● **Aim of the exercise**
Lines before the one containing "צילום הריון בסגנון אומנותי בסטודיו" are not wanted; restate the rest below word for word, through the last line, but drop any pictures.

[Brief descriptive captions]
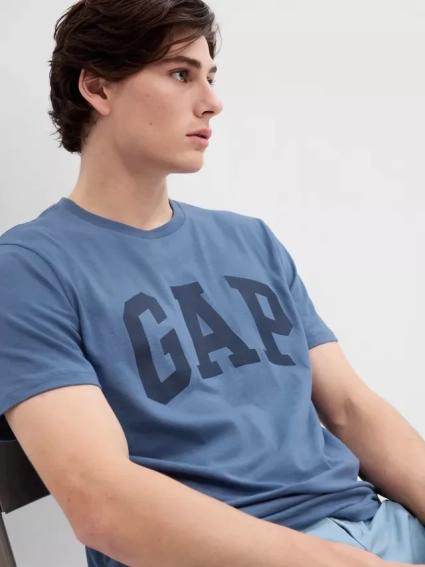 Футболка V-BASIC LOGO T 550338-49 GAP M Синий 550338-49 фото 1 — интернет-магазин Tapok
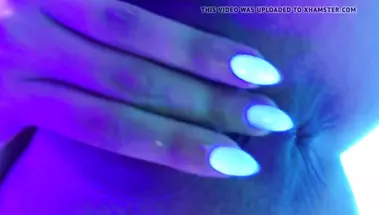 Адриана Чечик получает струйный оргазм от мастурбации в солярии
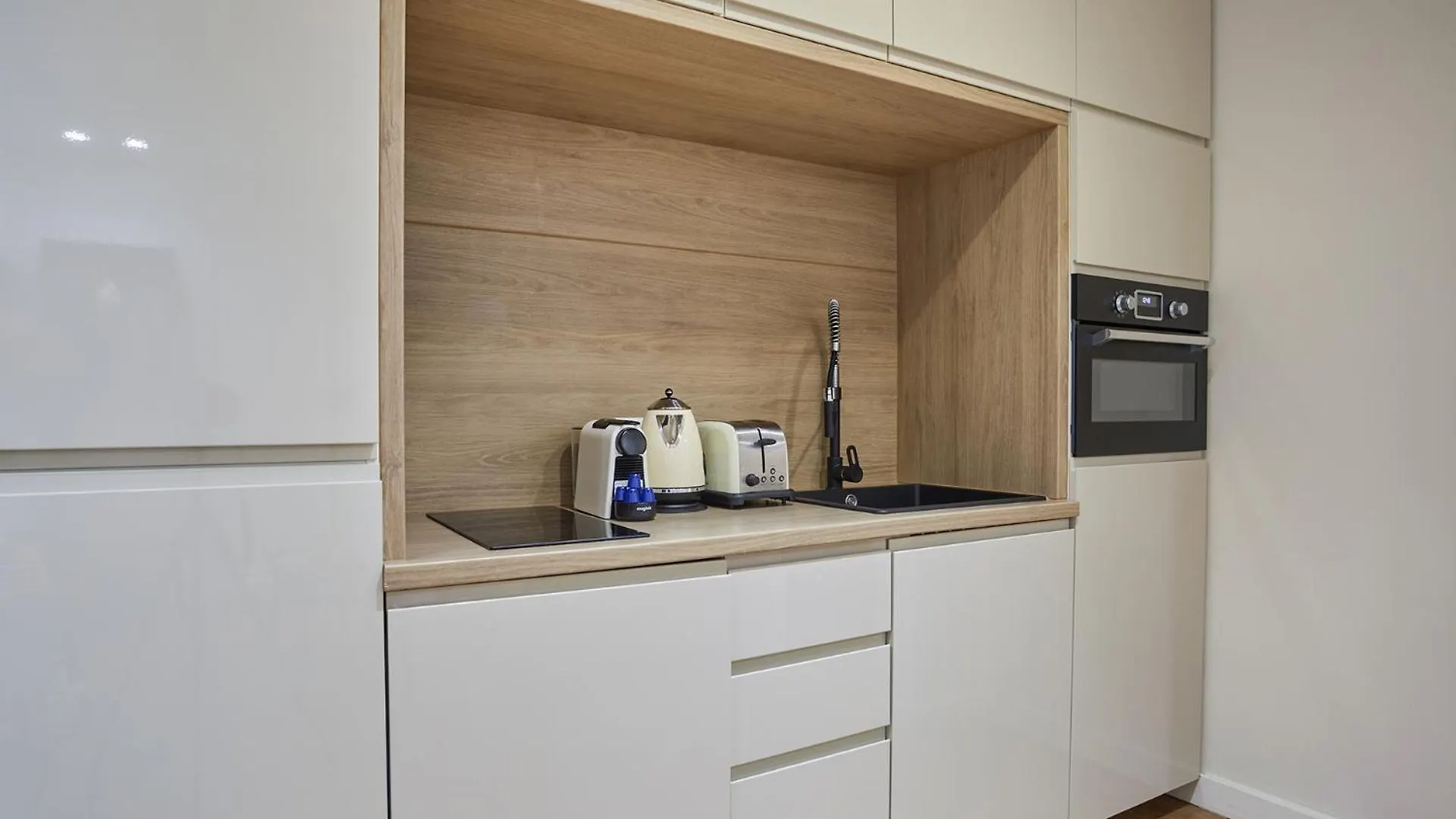 Sacre Coeur By Prestige Apartment *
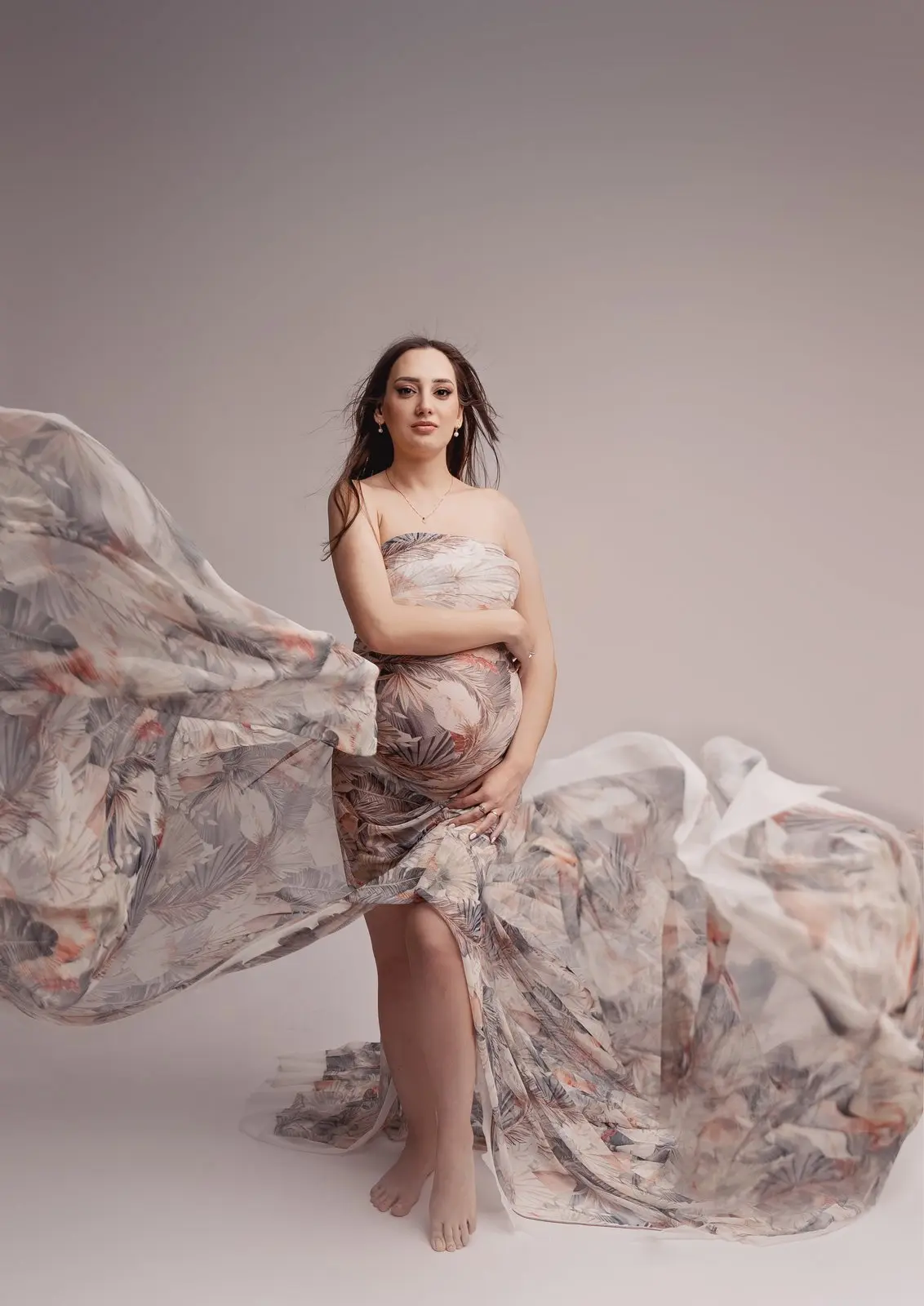 צילום הריון בסגנון אומנותי בסטודיו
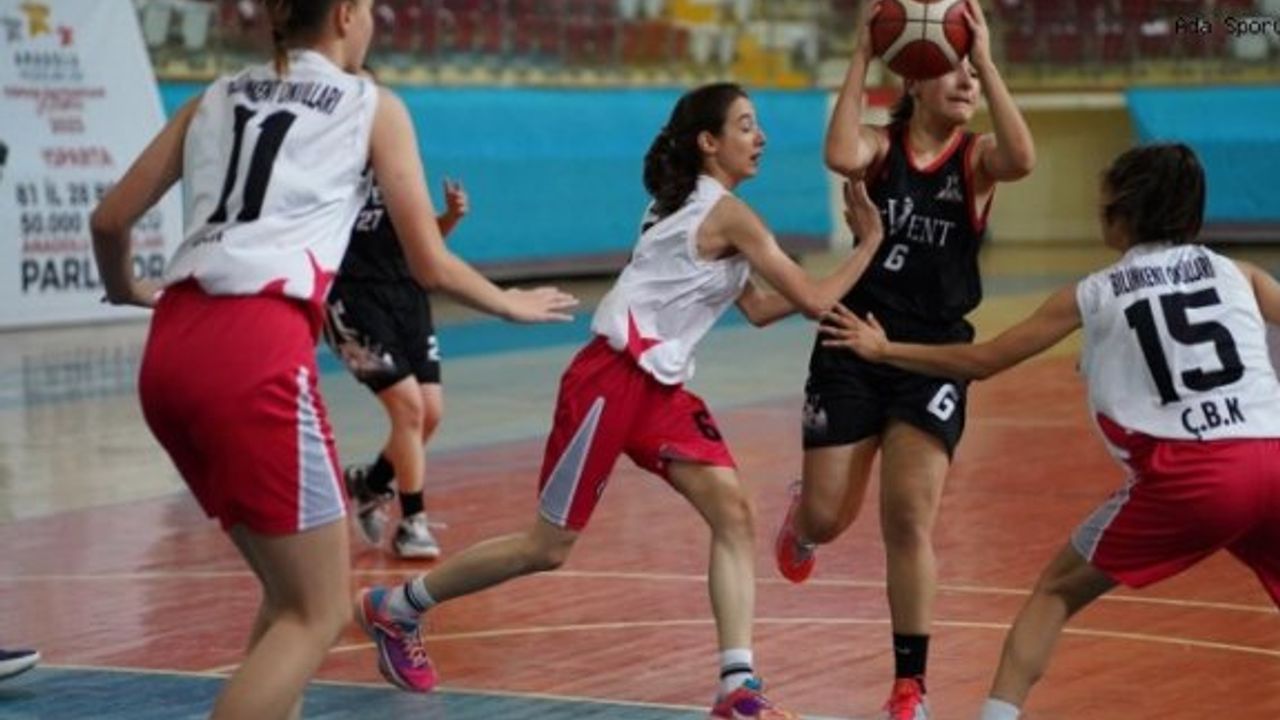 Levent Koleji ve Yakın Doğu Koleji gururlandırdı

● **Answer for the task**
 צילום הריון בסגנון אומנותי בסטודיו
 Levent Koleji ve Yakın Doğu Koleji gururlandırdı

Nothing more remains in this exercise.